Kendati demikian, Hendra bilang, sebelumnya sudah ada kesepakatan dengan dinas terkait - Dinas PUPR & Dinas Perkim - terkait lelang proyek harus sudah dimulai sejak Januari atau Februari.
"Nah, kalau ini kan (pembebasan lahan Sungai Veteran, red) sudah lama, tapi memang tidak ada tim khusus yang mengerjakan," bebernya.
Maka dari itu, Hendra berharap, dinas terkait segera melakukan komunikasi kembali untuk mencari solusi terbaik terkait upaya pembebasan lahan Sungai Veteran.
"Coba duduk bersama membicarakan persoalan apa yang jadi kendala. Apakah karena harga atau lainnya. Maka untuk kebaikan bersama, selesaikanlah dengan baik," tuturnya.
Kemudian, ujar Hendra, dinas terkait juga bisa minta pendapat dengan anggota Komisi III DPRD Banjarmasin lainnya.
"Ayo kita jadwalkan rapat dengar pendapat. Kalau ada masalah terkait pembangunan krusial yang belum terselesaikan. Mari kita coba cari solusi bersama," ajaknya.

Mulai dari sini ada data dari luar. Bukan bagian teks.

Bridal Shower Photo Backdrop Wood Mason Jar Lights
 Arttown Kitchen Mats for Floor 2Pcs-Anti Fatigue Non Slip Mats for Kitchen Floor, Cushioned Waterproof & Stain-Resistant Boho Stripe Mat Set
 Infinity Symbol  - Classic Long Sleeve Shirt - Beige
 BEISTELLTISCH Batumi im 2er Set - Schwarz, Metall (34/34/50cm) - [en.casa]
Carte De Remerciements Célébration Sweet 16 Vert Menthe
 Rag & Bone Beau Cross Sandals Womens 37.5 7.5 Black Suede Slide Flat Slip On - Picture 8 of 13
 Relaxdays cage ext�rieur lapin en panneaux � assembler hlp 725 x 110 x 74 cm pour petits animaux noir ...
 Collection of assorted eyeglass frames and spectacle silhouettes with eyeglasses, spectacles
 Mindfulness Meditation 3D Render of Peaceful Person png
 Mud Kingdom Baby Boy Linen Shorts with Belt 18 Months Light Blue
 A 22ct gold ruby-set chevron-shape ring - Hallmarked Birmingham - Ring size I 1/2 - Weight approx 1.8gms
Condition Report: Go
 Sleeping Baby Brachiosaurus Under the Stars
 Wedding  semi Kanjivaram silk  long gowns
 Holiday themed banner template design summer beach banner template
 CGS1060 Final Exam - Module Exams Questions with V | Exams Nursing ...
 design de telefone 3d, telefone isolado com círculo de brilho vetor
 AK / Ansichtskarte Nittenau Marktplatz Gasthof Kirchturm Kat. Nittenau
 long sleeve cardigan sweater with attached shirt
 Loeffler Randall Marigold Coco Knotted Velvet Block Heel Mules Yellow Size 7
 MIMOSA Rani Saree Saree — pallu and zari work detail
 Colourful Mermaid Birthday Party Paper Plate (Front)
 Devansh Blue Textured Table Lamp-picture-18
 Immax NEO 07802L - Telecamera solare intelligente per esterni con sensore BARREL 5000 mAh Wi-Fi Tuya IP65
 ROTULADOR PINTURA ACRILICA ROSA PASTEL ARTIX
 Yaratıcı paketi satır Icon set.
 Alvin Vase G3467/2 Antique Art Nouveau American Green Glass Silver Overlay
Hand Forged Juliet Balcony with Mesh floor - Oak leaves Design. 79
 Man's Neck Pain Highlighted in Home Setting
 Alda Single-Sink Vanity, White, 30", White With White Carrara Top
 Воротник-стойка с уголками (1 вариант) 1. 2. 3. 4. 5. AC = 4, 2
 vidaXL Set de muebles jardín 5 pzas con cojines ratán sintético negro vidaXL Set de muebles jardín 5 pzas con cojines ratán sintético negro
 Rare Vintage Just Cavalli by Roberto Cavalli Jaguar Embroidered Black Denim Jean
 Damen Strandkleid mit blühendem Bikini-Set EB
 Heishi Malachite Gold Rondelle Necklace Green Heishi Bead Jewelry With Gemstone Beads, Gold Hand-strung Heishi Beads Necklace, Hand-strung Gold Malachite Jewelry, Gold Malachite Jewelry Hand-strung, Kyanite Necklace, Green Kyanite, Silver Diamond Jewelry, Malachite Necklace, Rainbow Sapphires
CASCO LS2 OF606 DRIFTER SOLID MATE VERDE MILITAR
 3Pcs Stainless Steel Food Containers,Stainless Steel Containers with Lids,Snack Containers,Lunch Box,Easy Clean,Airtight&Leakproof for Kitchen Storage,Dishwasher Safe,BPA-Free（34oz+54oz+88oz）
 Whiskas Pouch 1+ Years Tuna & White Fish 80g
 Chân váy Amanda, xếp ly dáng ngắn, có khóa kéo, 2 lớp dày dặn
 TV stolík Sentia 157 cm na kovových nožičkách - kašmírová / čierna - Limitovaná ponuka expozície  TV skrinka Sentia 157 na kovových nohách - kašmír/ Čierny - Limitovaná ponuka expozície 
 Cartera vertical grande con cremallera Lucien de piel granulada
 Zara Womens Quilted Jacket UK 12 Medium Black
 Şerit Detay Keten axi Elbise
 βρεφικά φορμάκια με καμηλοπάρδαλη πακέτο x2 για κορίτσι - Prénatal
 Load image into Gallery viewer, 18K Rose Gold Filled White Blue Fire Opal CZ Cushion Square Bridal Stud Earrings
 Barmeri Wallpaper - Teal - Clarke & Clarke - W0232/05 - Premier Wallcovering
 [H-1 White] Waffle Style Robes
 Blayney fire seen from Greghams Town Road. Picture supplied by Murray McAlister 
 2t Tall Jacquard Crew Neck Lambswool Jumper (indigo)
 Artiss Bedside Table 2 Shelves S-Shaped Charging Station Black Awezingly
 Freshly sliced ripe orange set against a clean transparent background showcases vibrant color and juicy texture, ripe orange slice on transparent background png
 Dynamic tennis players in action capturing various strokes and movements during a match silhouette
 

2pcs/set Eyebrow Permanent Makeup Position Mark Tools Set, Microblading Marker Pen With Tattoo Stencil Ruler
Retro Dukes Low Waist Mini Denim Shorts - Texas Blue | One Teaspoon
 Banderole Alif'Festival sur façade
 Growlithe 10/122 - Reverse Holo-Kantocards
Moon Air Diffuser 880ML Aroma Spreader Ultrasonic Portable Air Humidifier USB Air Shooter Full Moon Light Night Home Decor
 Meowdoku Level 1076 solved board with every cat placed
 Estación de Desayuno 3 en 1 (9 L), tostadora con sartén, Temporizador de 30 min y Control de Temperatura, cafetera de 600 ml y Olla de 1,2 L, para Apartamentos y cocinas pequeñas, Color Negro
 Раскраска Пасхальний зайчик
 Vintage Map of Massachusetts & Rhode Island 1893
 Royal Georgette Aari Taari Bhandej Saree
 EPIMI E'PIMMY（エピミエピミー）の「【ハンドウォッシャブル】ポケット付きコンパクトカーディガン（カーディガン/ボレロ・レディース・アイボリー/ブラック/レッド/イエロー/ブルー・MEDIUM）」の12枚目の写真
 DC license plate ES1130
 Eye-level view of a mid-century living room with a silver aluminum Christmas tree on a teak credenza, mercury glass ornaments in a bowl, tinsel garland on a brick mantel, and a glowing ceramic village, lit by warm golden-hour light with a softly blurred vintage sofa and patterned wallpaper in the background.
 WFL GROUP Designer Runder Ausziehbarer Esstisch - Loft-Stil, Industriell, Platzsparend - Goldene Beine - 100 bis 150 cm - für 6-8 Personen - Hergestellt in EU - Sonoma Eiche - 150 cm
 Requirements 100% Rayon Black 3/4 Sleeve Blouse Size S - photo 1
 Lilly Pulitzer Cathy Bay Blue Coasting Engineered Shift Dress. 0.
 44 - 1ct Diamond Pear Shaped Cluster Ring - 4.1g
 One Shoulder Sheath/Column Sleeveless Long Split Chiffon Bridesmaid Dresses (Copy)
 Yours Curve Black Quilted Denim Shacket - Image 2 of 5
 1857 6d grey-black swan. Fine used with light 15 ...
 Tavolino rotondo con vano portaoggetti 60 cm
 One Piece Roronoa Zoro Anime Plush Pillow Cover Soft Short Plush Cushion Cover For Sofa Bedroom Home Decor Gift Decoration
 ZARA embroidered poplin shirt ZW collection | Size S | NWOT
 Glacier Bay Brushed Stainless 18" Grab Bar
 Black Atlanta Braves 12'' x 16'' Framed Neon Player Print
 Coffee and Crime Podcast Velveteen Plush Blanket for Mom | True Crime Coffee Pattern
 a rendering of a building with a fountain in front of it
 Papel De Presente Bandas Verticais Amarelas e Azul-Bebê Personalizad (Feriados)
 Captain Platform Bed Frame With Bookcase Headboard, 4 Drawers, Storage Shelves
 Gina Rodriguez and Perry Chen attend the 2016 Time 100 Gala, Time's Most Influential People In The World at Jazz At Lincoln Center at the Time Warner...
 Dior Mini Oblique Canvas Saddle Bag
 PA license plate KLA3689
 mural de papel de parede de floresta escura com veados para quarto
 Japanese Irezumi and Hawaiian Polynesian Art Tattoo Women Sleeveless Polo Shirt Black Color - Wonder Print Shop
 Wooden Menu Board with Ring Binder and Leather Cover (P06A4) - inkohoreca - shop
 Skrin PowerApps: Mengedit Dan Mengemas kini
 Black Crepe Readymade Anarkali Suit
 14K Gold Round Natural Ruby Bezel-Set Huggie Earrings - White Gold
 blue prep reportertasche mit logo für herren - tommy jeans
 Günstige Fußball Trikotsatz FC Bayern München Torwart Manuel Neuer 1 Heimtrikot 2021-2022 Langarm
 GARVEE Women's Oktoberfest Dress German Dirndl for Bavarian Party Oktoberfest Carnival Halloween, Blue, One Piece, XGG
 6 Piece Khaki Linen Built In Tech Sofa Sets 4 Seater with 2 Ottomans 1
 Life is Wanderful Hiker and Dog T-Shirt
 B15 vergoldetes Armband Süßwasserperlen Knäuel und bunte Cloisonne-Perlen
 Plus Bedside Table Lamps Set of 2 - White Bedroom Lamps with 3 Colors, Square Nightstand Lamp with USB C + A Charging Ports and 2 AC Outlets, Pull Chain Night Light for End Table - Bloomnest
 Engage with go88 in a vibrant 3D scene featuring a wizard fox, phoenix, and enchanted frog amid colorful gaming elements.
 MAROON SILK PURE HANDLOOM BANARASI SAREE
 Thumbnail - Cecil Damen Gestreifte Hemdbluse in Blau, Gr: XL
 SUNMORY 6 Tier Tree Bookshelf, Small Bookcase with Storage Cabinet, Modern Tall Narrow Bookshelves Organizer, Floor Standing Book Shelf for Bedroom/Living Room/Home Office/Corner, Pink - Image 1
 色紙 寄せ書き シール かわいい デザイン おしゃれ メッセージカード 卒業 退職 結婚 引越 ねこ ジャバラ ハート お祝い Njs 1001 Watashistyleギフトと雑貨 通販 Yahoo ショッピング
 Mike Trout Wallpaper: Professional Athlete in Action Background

Normalisasi Sungai Veteran sendiri saat ini terkendala oleh belum tuntasnya pembebasan lahan.
Adapun lahan yang mesti dibebaskan adalah sebagian di Klenteng Soetji Nurani dan sisanya di Taher Square.
Pengelola Klenteng Soetji Nurani yang notabene adalah bangunan cagar budaya sendiri mengaku sudah legawa atas hal tersebut. Mereka mau menyerahkan sebagian lahannya untuk pembangunan Kota Banjarmasin.
Hanya pinta mereka, lahan tersebut dipergunakan sebaik-baiknya.
Sedang pengelola Taher Square yang belum sepakat. Lantas apa solusi Hendra?
"Ya dibicarakan baik-baik dulu. Coba duduk bersama. Jangan sampai ada yang dirugikan," tandasnya.
Proyek NUFReP adalah program dana hibah dari World Bank yang digarap oleh Direktorat Direktorat Jenderal Sumber Daya Air – Kementerian PUPR dan didampingi Direktorat Jenderal Bina Pembangunan Daerah – Kementerian Dalam Negeri.
Total hibah yang didapat berjumlah USD 400.000.000 atau dikonversikan menjadi Rp6 triliun.
Program untuk normalisasi sungai ini diwacanakan dari tahun 2023-2027 untuk enam kota di Indonesia. Yakni, Bima (Nusa Tenggara Barat), Manado (Sulawesi Utara), Medan (Sumatera Utara), Banjarmasin (Kalsel), Semarang (Jawa Tengah) dan Ibukota Negara (IKN) Penajam Paser Utara-Kaltim. Jika dibagi rata, setiap kotanya mendapat Rp1 triliun dari dana tersebut.
Program penangkap banjir ini mencakup perencanaan investasi risiko banjir, investasi ketahanan banjir, penguatan kelembagaan dan manajemen pengetahuan, manajemen program dan dukungan implementasi.